Aldi-rival Kaufland launches in Australia

Aldi-rival Kaufland launches in Australia

13 October 2017

Australia’s fiercely competitive grocery sector is set for another shakeup after German giant and Aldi-rival Kaufland purchased the landmark Le Cornu site in the Adelaide suburb of Forestville for $25 million to launch its inaugural and flagship store, reports The Sydney Morning Herald.

German-based Kaufland is part of the Schwarz Group, the world’s fourth largest retailer, with over 60,000 products and $US94.5 billion in sales in the 2015/16 financial year.

The company operates more than 1,230 stores across Europe and is now eager to make its mark in Australia.

The Australian reports the retail giant has gifted its burgeoning Australian arm with more than $43 million in fresh capital to feed its ambitious growth plans in the region.

The company has also secured a portfolio of trademarks for the Australian market around its branding, as well as a range of retail services and goods.

Kaufland will build a signature 20,000 square metre supermarket on the Adelaide site, about four times the size of an average Coles or Woolworths store.

The retail giant’s arrival will surely send shivers down the spines of Australia’s “cosy” Coles and Woolworths grocery duopoly, already under siege from Kaufland’s arch-rival Aldi, which also hails from Germany. explains that shoppers can expect a whole new, and vast, experience with Kaufland favouring huge, warehouse style stores of up to 20,000 square metres, compared to the more traditional Coles and Woolworths stores which are generally less than a fifth of that size.

“It will be more akin to a Costco approach with a whole breadth of product offerings, including groceries and white goods,” an Adelaide retail expert said.

In contrast to Costco, Kaufland does not charge shoppers membership fees.

The AFR states that Kaufland will need to be careful with its site selection in other capital cities as it prepares to expand in Australia.

Roger Drake, the owner of 60 Foodland and Drake supermarkets in South Australia and Queensland told the AFR that good sites were becoming harder to come by, and the large footprints required by Kaufland were difficult to pick up.

“Location is so important.
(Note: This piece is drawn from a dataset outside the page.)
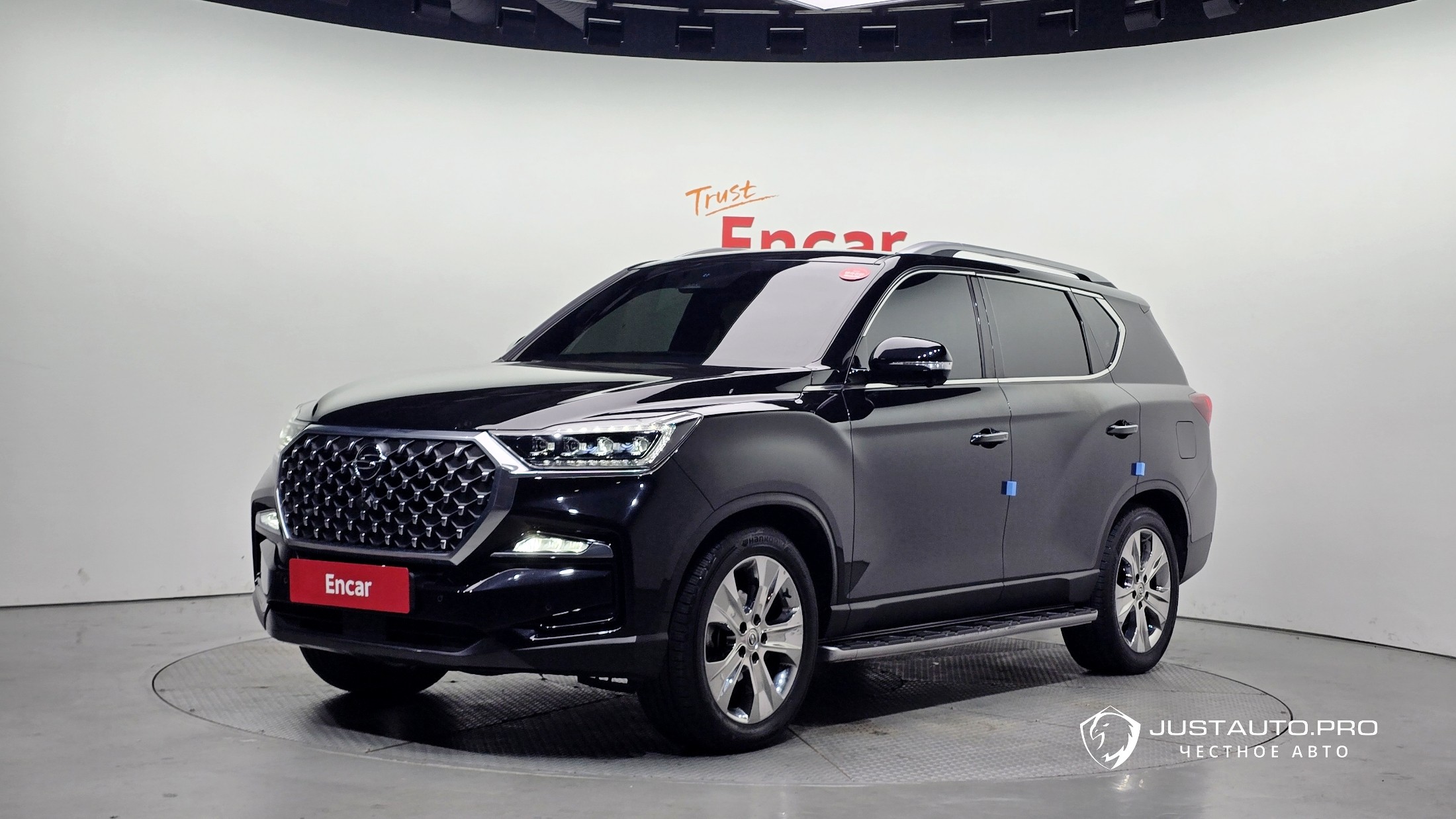 Автомобиль KG_Mobility_Ssangyong Rexton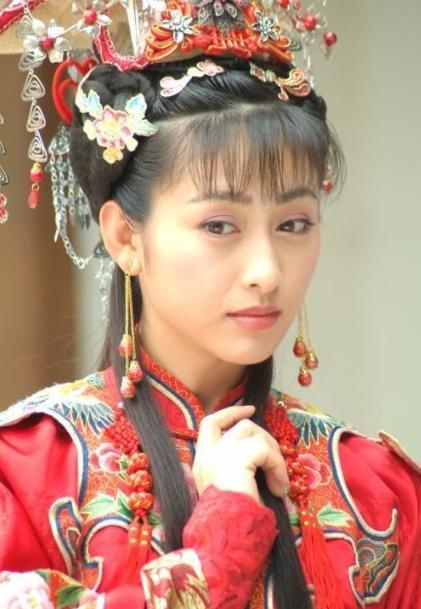 没想到张铁林竟绝情到让她打胎,侯俊杰拒绝了以为生下孩子可以挽留他.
Location is number one. There has to be good parking, it has to be on the right side of the road,” Mr Drake said.

According to some analysts, Kaufland needs at least 15 to 20 stores to make its Australian investment viable.

Russell Zimmerman from the Retail Traders Association told the ABC that the company had been eyeing off Australia for some time.
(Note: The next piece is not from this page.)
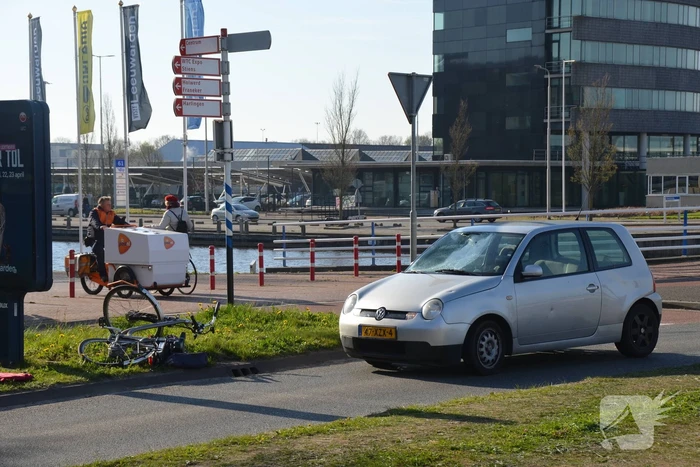 Automobilist schept E-biker op Hermesbrug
“It’s certainly been on the radar for them for quite a while to come to Australia and can I say that quite honestly that’s not unusual because there’s lots of retailers looking at Australia,” Mr Zimmerman said.

“I think what’s most interesting in this particular instance is that it would appear that South Australia will be their first.”

Kaufland set up headquarters for its Australian staff in a small Port Melbourne office in March.